Nuits blanches à Jérusalem


C'est dans la rue de Jafa, artère principale de Jérusalem, que toutes les composantes de la société se croisent. Soldats, familles, religieux, gamins en skateboard et anciens papotent sur un banc. Avec le tram flambant neuf, ce spot déjà très couru a retrouvé une nouvelle jeunesse. « C'était une artère embouteillée et crasseuse désertée par les habitants car trop bruyante et polluée, se souvient Beny Karoutchi, ancien prof d'économie qui guide aujourd'hui les pèlerins du monde entier dans les lieux saints. Grâce au tram, c'est devenu un axe de vie et les appartements situés dans les immeubles XIXe rénovés se louent désormais à prix d'or ! » C'est aussi ici que l'on trouve d'ailleurs le Toy Bar et son immense dancefloor où toute la jeunesse hype vient s'étourdir.


 
Jérusalem, la ville trois fois sainte, va-t-elle s'aligner sur Tel-Aviv et devenir un lieu de pèlerinage pour les fêtards et noctambules ? La cité la plus peuplée d'Israël a entamé une véritable mue. Et si les touristes font toujours le voyage pour visiter l'église du Saint-Sépulcre, le mur des Lamentations et le dôme du Rocher, ils bifurquent le soir venu vers les bars branchés et les bonnes tables. Dans cette cité sainte où il était compliqué de trouver un lieu de vie après 21 heures, une révolution festive est en marche. « On avait l'habitude de dire que le meilleur endroit pour sortir de Jérusalem, c'était la route n° 1 qui mène à Tel-Aviv ! », s'amuse Michael Katz, l'un des chefs qui fait swinguer la scène culinaire locale. Si l'exubérante Tel-Aviv, si proche, n'en finit pas de prolonger ses nuits folles, la sage Jérusalem cultive une ambivalence bien à elle, entre journées spirituelles et nuits décalées.
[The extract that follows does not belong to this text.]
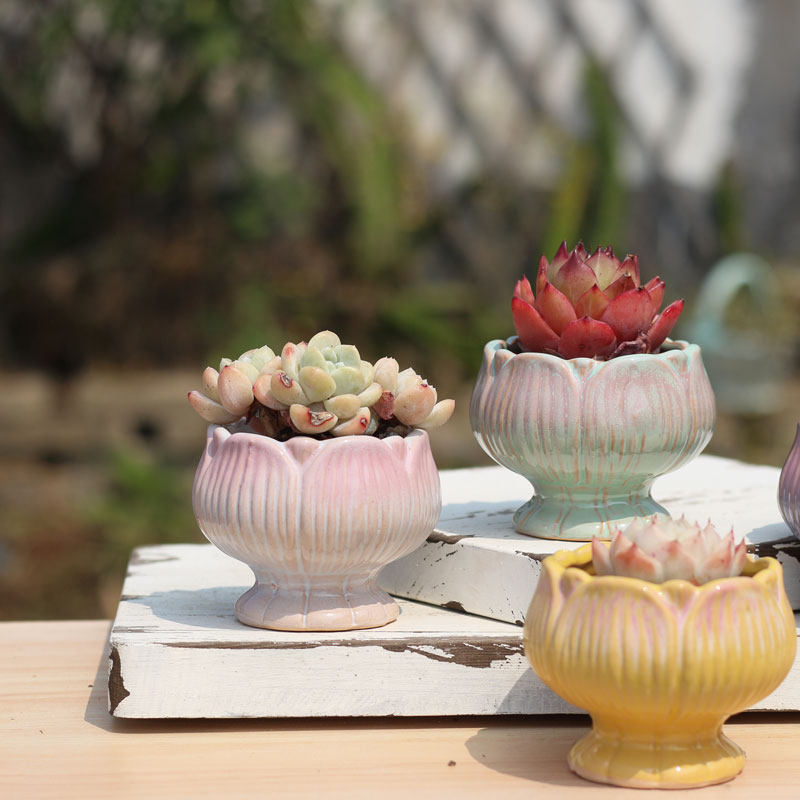 多肉植物花盆窑变小群生花盆莲花老桩盆精控桌面盆栽渐变陶瓷,鲜花速递/花卉仿真/绿植园艺,花盆,淘宝优惠券,粉丝福利购,淘宝优惠卷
Le quartier de Nahalat Shiv'a, proche de la vieille ville et de ses remparts, est le coeur vibrant de la ville. Il y a quelques années, la rue Moshe Salomon était l'unique artère où s'alignait une poignée de restaurants et de bars. Désormais, toutes les petites ruelles alentour bougent du coucher au lever du soleil. Comme Tmol Shilshom, ce café littéraire qui attire étudiants et intellos venus grignoter un muffin et refaire le monde dans de vieux sofas fatigués. Un peu plus loin, le Mikveh est le QG de la communauté gay et lesbienne. Ce bar musical est l'un des rares endroits où les homosexuels peuvent faire la fête sans limite, dans une Jérusalem où la communauté religieuse ultraorthodoxe veille. « Les choses s'améliorent de jour en jour. On peut même défiler pour la Gay Pride, ce qui était impensable il y a quelques années », reconnaît Shia, une drag-queen habituée du Mikveh dont le nom, comme un pied de nez, signifie en hébreu « le bain rituel avant la prière ».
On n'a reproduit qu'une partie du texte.